Return the listing below exactly. Leave its pictures out.

** GIVEN RECORDS follows **

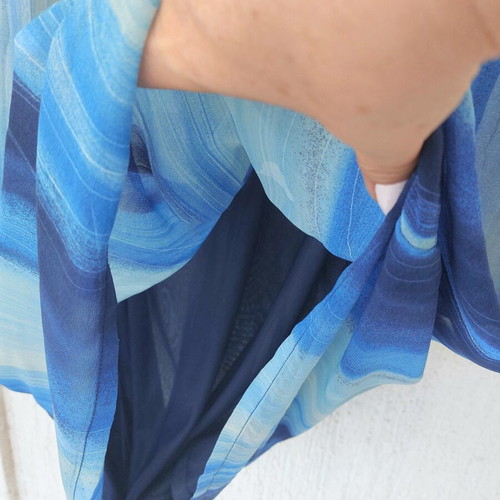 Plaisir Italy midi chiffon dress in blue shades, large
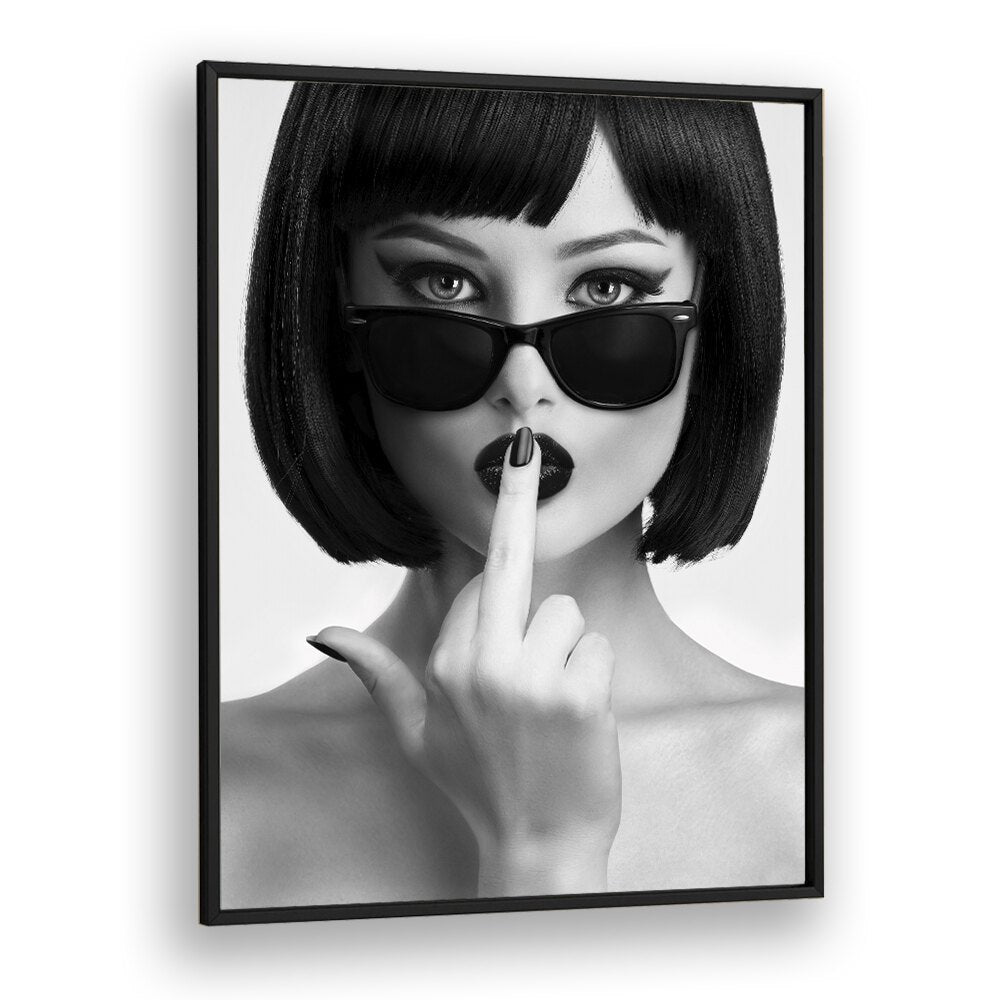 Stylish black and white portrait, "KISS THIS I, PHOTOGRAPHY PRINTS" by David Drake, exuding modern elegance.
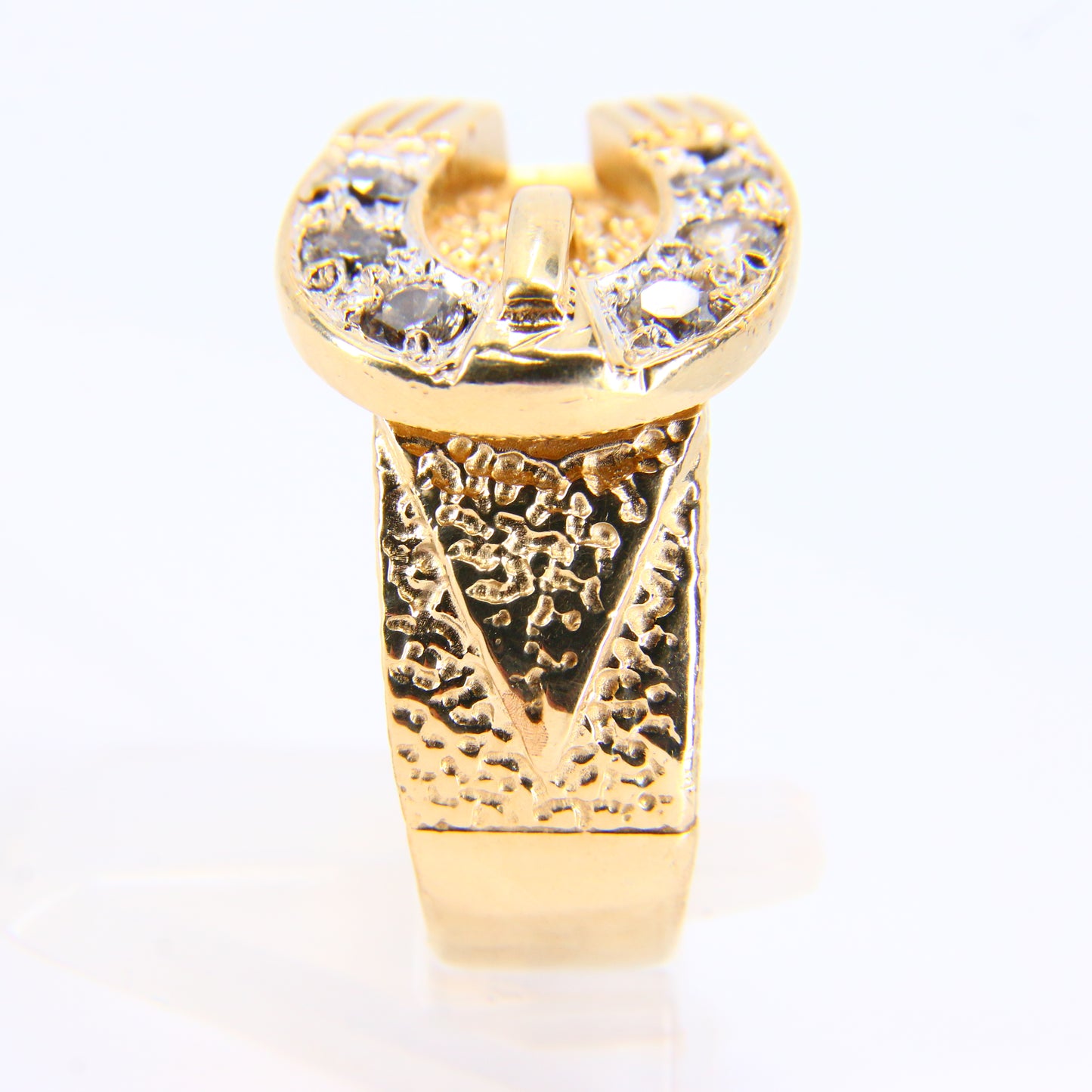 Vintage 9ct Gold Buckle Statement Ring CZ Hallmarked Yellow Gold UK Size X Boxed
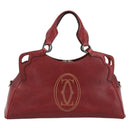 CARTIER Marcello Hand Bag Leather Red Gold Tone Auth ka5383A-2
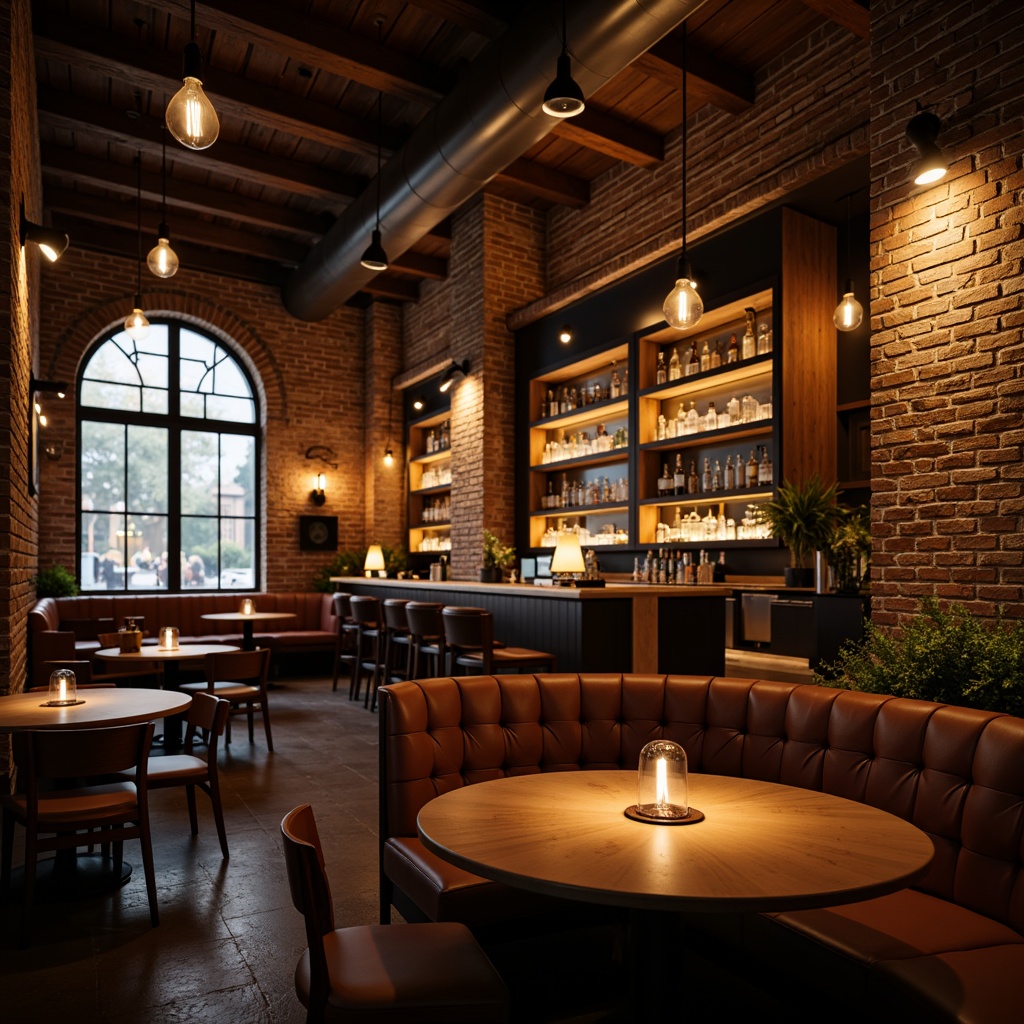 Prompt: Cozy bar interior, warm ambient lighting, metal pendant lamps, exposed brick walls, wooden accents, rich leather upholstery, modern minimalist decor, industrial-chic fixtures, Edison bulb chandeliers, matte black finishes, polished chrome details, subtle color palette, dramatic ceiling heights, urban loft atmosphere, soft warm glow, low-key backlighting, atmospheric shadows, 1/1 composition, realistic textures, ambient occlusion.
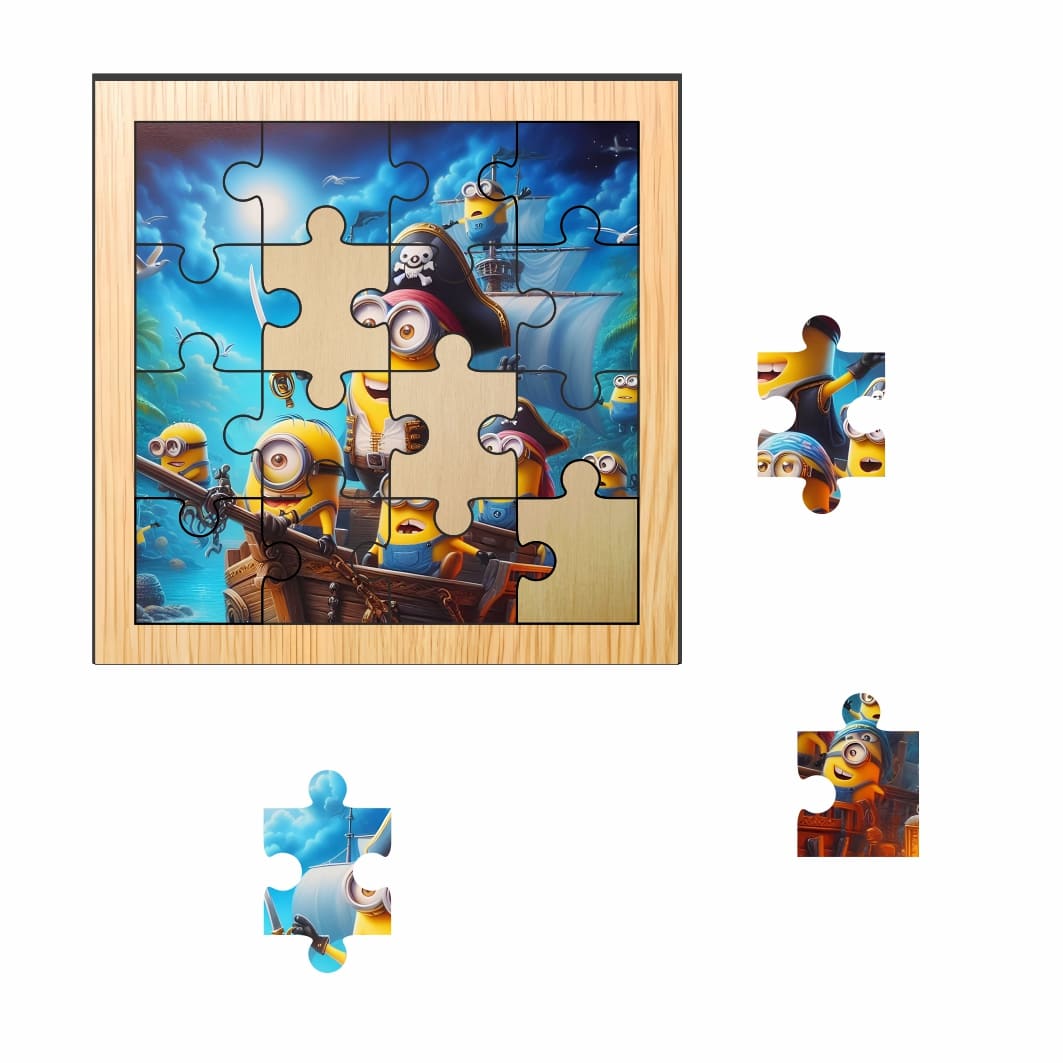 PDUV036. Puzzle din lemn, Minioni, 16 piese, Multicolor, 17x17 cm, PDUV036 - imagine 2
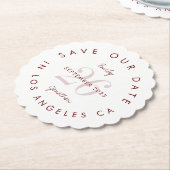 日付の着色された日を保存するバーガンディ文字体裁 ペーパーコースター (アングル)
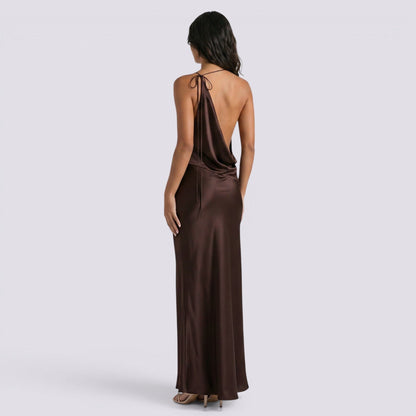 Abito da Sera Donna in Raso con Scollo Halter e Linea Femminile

** End of GIVEN RECORDS **

ANSWER FOR THE TASK>
 Plaisir Italy midi chiffon dress in blue shades, large
 Stylish black and white portrait, "KISS THIS I, PHOTOGRAPHY PRINTS" by David Drake, exuding modern elegance.
 Vintage 9ct Gold Buckle Statement Ring CZ Hallmarked Yellow Gold UK Size X Boxed
 CARTIER Marcello Hand Bag Leather Red Gold Tone Auth ka5383A-2
 Prompt: Cozy bar interior, warm ambient lighting, metal pendant lamps, exposed brick walls, wooden accents, rich leather upholstery, modern minimalist decor, industrial-chic fixtures, Edison bulb chandeliers, matte black finishes, polished chrome details, subtle color palette, dramatic ceiling heights, urban loft atmosphere, soft warm glow, low-key backlighting, atmospheric shadows, 1/1 composition, realistic textures, ambient occlusion.
 PDUV036. Puzzle din lemn, Minioni, 16 piese, Multicolor, 17x17 cm, PDUV036 - imagine 2
 日付の着色された日を保存するバーガンディ文字体裁 ペーパーコースター (アングル)
 Abito da Sera Donna in Raso con Scollo Halter e Linea Femminile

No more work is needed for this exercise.